Contingent on tomorrow's medical and negotiations, we've seen Liverpool sign two highly-rated English teenage midfielders within the last two months: Raheem Sterling and now Jonjo Shelvey. Not only was I told Liverpool were a sinking ship without money, but I thought Benitez never bought British. And yes, I'm aware I'm basking in the arrival of two youngsters whose combined fee is less than £3m, but any silver lining during a monsoon.
It wasn't long ago Liverpool were memorably missing out on the likes of Theo Walcott and Aaron Ramsey. Both went to Arsenal, and while both cost a good deal more (and were further along in their development) than Sterling or Shelvey, it's been far too long since Liverpool were snapping up some of Britain's best and brightest.
It's yet another sign that Liverpool are restoring from the foundation and fixing the vaunted assembly line. It sputtered to a halt under Evans and Houllier, but we're seeing it rebuilt little by little, as Ed and I discussed in March. We've seen Liverpool recruit potential talents from across the universe – the likes of Insua, Pacheco, and Nemeth, among others – but few from the UK.
Thanks to recent UEFA and Premier League regulations, "homegrown" players are utterly necessary. Any nationality counts as homegrown if trained by the club – or any English club – for three years, but an English passport removes all barriers. And buyers pay well for it, as we found out when Liverpool "chased" Walcott and Ramsey. £5m for Ramsey or the £8m Aston Villa paid for a 19-year-old Fabian Delph could make the fee for Shelvey or Sterling look like peanuts. Pity the emphasis is on "could."
There's no guarantee either player will turn out a star, let alone feature for the first team. I do think Shelvey will be in the mix next season – he's already played in the lower leagues, so there's little use in sending him on loan (as Darby, Spearing, and Eccleston currently are) – but my best, barely informed guess is that he'll mainly see time in the Cups and for the reserves. And regardless, there's no guarantee any signing will work, whether the fee is £2m or £20m (wave to the nice people, Robbie).
Shelvey is 18, costing an initial £1.7m. While he was Charlton's youngest player, debuting more than two years ago, and has made 48 appearances for the Addicks, the majority of those came in League One. Sterling is only 16, costing an initial £500,000, and has mostly played for the U-18s since his arrival. As tempting as it is to go overboard, both evoke the phrase "hope" as much as Obama (and now Nick Clegg!). But both are laden with potential, with other big clubs sniffing for their signature, and English. "God Save the Queen" singing, smog breathing, blessedly English.
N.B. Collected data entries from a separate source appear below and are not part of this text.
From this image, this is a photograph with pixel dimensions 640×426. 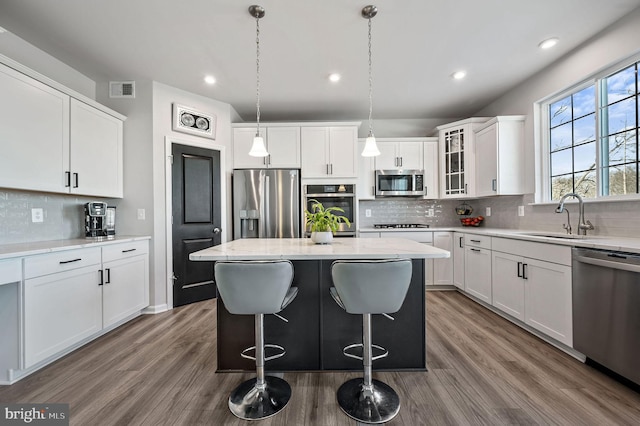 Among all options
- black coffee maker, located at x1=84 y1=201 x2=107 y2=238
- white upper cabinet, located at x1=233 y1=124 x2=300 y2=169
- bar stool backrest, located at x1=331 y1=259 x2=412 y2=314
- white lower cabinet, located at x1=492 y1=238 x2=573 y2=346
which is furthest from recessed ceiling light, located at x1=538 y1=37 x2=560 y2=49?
black coffee maker, located at x1=84 y1=201 x2=107 y2=238

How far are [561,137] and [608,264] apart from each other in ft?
5.98

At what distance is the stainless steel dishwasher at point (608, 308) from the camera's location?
159 centimetres

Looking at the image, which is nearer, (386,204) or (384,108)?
(384,108)

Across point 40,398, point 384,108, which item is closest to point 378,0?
point 384,108

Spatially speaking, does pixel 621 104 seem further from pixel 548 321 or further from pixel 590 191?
pixel 548 321

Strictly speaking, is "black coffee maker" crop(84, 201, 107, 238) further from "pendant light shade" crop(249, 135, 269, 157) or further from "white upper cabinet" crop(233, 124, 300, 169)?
"pendant light shade" crop(249, 135, 269, 157)

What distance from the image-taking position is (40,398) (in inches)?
64.0

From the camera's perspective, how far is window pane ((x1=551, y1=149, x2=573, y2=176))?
9.12 ft

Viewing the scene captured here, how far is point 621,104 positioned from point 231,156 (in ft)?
13.7

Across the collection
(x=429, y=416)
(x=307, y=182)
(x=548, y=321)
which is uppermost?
(x=307, y=182)

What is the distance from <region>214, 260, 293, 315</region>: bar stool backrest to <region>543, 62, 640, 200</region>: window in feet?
9.62

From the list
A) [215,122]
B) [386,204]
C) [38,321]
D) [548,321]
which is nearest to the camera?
[38,321]

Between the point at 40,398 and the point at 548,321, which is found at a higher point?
the point at 548,321

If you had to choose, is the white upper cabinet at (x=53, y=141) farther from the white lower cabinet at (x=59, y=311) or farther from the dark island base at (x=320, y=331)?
the dark island base at (x=320, y=331) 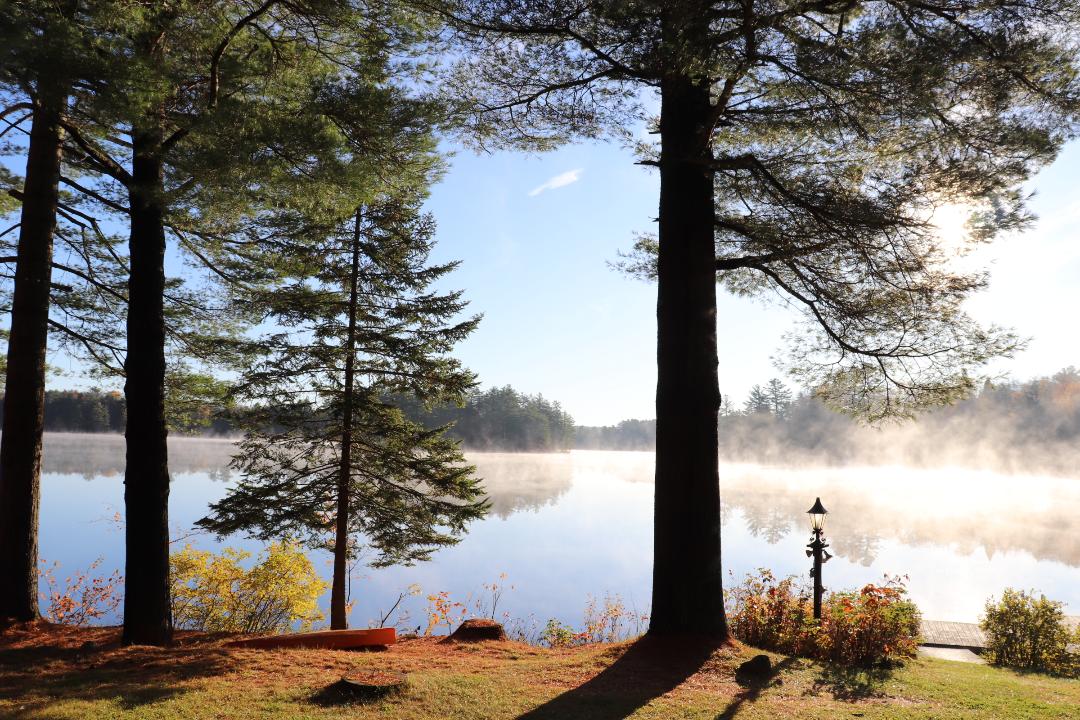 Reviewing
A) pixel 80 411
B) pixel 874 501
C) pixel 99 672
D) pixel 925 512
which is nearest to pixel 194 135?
pixel 99 672

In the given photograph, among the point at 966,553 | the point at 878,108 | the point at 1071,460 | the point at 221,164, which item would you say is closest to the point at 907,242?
the point at 878,108

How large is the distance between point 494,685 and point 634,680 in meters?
1.08

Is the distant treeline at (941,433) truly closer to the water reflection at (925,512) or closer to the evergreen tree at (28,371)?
the water reflection at (925,512)

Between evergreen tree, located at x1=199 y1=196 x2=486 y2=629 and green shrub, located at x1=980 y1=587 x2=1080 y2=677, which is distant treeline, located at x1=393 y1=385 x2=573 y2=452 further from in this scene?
green shrub, located at x1=980 y1=587 x2=1080 y2=677

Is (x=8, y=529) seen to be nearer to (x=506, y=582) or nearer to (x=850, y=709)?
(x=850, y=709)

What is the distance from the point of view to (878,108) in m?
5.21

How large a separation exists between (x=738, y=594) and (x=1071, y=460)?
60.7m

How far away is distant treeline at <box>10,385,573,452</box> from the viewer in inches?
2178

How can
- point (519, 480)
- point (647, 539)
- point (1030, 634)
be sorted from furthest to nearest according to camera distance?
point (519, 480) → point (647, 539) → point (1030, 634)

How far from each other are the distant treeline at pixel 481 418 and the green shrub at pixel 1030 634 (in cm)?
3662

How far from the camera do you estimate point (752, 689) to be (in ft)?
15.9

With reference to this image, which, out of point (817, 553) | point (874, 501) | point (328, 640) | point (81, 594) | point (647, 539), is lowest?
point (647, 539)

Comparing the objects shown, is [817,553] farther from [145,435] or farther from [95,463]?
[95,463]

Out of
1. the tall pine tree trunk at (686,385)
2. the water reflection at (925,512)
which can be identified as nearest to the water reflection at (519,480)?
the water reflection at (925,512) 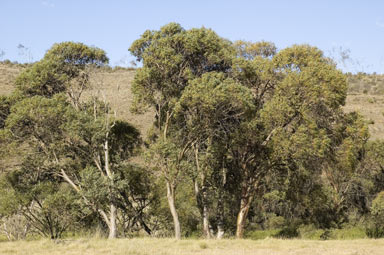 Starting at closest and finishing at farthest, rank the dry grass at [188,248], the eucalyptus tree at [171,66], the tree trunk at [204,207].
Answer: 1. the dry grass at [188,248]
2. the eucalyptus tree at [171,66]
3. the tree trunk at [204,207]

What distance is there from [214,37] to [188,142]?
14.9 ft

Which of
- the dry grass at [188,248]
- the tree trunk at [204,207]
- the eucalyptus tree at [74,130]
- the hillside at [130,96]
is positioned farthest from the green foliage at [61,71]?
the hillside at [130,96]

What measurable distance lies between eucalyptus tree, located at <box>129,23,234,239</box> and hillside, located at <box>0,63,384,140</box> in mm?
17274

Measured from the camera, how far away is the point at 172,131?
19.8 metres

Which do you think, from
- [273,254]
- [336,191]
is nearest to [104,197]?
[273,254]

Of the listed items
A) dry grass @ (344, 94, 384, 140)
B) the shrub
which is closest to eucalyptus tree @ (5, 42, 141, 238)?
the shrub

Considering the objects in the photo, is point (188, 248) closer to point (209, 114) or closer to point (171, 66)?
point (209, 114)

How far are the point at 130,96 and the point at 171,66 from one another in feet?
113

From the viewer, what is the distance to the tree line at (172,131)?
17.5m

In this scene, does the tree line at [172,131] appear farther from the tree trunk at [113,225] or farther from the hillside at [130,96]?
the hillside at [130,96]

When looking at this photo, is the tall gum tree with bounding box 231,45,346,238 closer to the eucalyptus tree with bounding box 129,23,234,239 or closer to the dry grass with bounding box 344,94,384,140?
the eucalyptus tree with bounding box 129,23,234,239

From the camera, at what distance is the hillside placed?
4472cm

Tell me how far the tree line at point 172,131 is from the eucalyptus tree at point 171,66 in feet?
0.18

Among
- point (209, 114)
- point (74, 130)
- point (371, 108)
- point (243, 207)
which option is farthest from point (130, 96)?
point (209, 114)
Even if we're only familiar with these kids from Football Manager and FIFA 10, it's satisfying; a sign that Liverpool's competitive in this crucial market, and that King Kenny Dalglish is earning his paycheck. I doubt it's coincidence both Sterling and Shelvey will arrive the same year that Dalglish returned to head up youth development. But make no mistake, Rafa must of had his hand in this signing – Shelvey should get some first-team opportunities next season, and I doubt Liverpool would be negotiating signings, even if they're only £1.7m, if Benitez were on his way out.
Unless that's the summer transfer budget gone (can't rule anything out with the Chuckle Brothers still in control), there are few ways for Liverpool to lose on these deals.